L'ancre plonge dans une baie ourlée de collines vertes, face à une poignée de toits de tôle et de terrasses ombragées. Voilà Great Harbour, port d'attache de Jost Van Dyke : huit kilomètres carrés, quelques centaines d'habitants et une réputation qui dépasse largement sa taille. L'annexe dépose les passagers sur un petit quai; dix pas plus loin, la rue principale est en sable. L'île tiendrait son nom d'un flibustier néerlandais du XVIIe siècle, Joost van Dyk; la tradition, ici, se raconte plus qu'elle ne se prouve, et personne ne semble s'en formaliser.
Great Harbour, capitale miniature
Le tour du hameau se boucle en un quart d'heure : une église méthodiste, des cases aux volets colorés, des tables posées face à la mer et, au bout du rivage, Foxy's, institution fondée à la fin des années 1960 par Foxy Callwood, chanteur de calypso qui improvise encore parfois des couplets sur les gens de passage. Les plaisanciers de tout l'archipel s'y donnent rendez-vous pour les grillades et les fêtes de fin d'année, devenues légendaires dans les Caraïbes de la voile. Entre deux terrasses, des poules traversent tranquillement la chaussée sablonneuse : le rythme local s'impose de lui-même, et les montres perdent rapidement leur utilité.

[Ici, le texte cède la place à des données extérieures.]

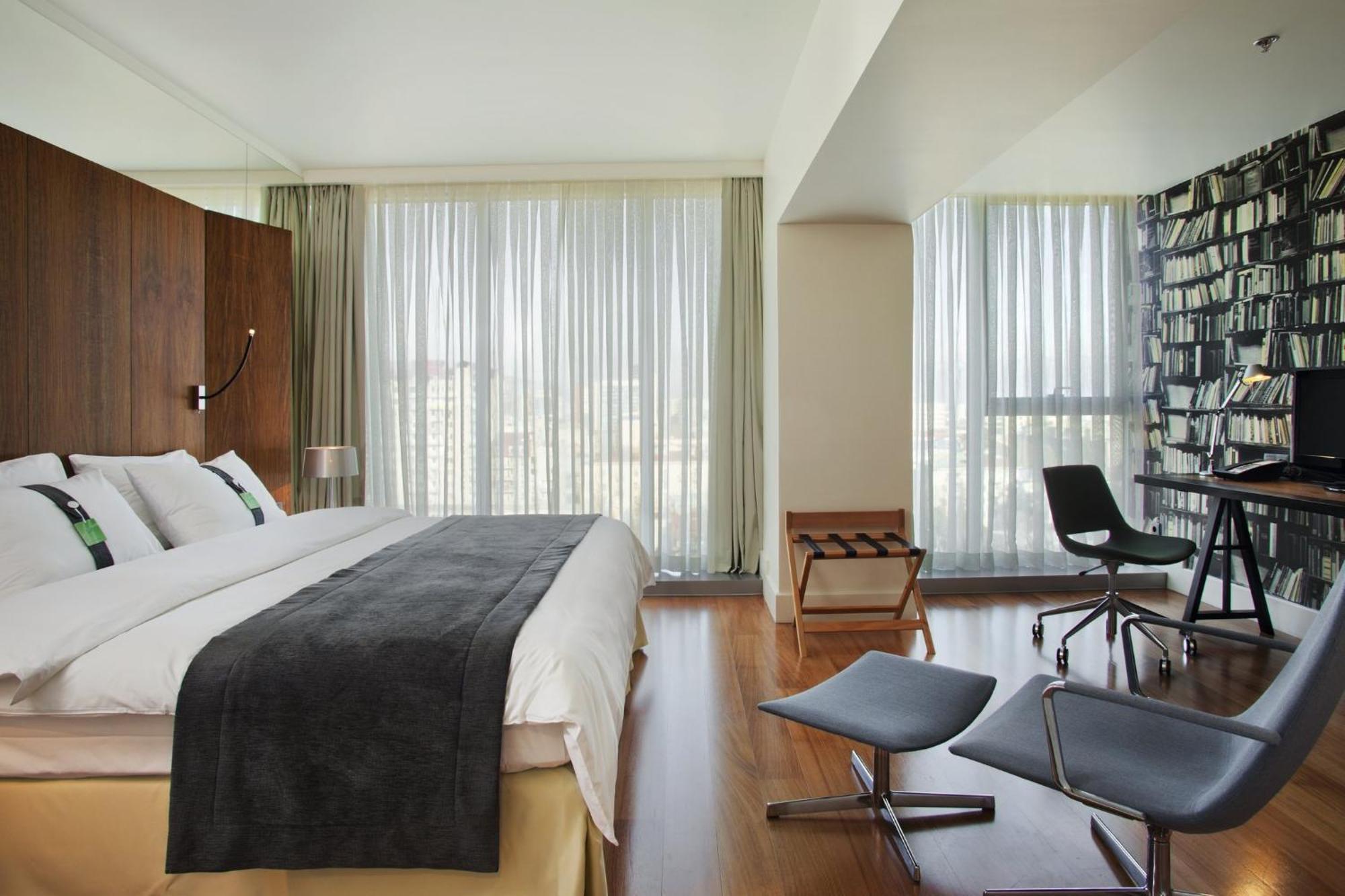 Holiday Inn - Tbilisi By Ihg Exterior photo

Par-dessus la colline, White Bay
Vers l'ouest, une route escarpée franchit la crête : une demi-heure de marche soutenue, ou quelques minutes en taxi découvert. Du sommet, le regard file jusqu'à St. John et St. Thomas, îles américaines voisines, avant de plonger sur la récompense du jour : White Bay, croissant de sable immaculé protégé par un récif qui adoucit la houle. L'eau limpide se prête à la plongée-tuba le long des pâtés de corail, à quelques mètres seulement des serviettes. Tortues et raies y font des apparitions régulières, au grand bonheur des enfants équipés d'un masque.
Le bar du dollar mouillé
C'est sur ce même rivage que le Soggy Dollar Bar a gagné son nom : les navigateurs ancrés dans la baie nageaient jusqu'au comptoir, billets trempés en poche. La maison revendique aussi l'invention du Painkiller, mélange de rhum, de crème de coco, d'ananas et d'orange coiffé de muscade fraîchement râpée. On le sirote un orteil dans le sable, en regardant les annexes et les voiliers se partager le mouillage.
La piscine à bulles
À l'autre extrémité de l'île, près du hameau de l'est, la mer s'engouffre entre deux parois rocheuses et remplit un bassin naturel d'écume : la Bubbly Pool, sorte de spa sculpté par les vagues. L'endroit se rejoint en taxi puis par une courte marche entre les palétuviers. Le phénomène dépend entièrement de la houle du jour; par mer plate, il se transforme en simple bassin tranquille, par forte houle il devient trop violent. Demander conseil aux chauffeurs avant de s'y rendre. Au retour, certains font un détour par les bancs de sable de Sandy Cay, îlot protégé qui émerge au large de la côte est et que les excursions en bateau contournent au ras des eaux claires.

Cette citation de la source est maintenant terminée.